Publication number: US20090251426A1
Application number: US12/379,185
Authority: US
Inventors: Patrick Lee; Chang-hoon Lee; Myeong-Gil Choi
Original assignee: Individual
Current assignee: Samsung Display Co Ltd
Priority date: 2008-04-03
Filing date: 2009-02-13
Publication date: 2009-10-08
Also published as: JP2009252738A; KR20090105557A; JP5159557B2; KR100941858B1

Abstract

An organic light emitting display device that is used as a flat panel display and usable in a portable terminal that employs two separate display-panels.

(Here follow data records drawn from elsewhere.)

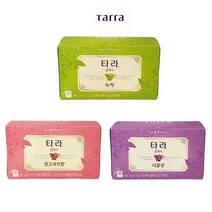타라 클래식 티백 20T 망고피치 다즐링 녹차 홈카페 그린티 블랙티 티타임 마시는차 따뜻한차 홍차 찻잎, 타라클래식 망고피치향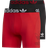 Adidas Trefoil Boxer Briefs 2-pack - Scarlet/Black/Onix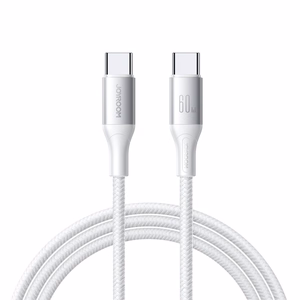 Joyroom S-A28 Кабель USB-C - USB-C (60W 2м) белый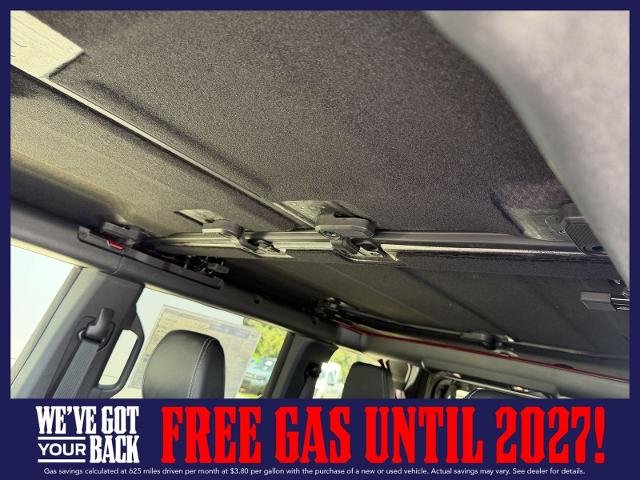 New 2026 Ruby Red Metallic Tinted Clearcoat Ford Big Bend® image 25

The organic light emitting display device has a first display panel and a second display panel provided on the same surface thereof; a touch screen panel (TSP) formed integrally on the first and second display panels; and one controller controlling the first and second display panels.

Description

CLAIM OF PRIORITY

This application makes reference to, incorporates the same herein, and claims all benefits accruing under 35 U.S.C. §119 from an application for ORGANIC LIGHT EMITTING DISPLAY DEVICE earlier filed in the Korean Intellectual Property Office on 3 Apr. 2008 and there duly assigned Serial No. 10-2008-0031088.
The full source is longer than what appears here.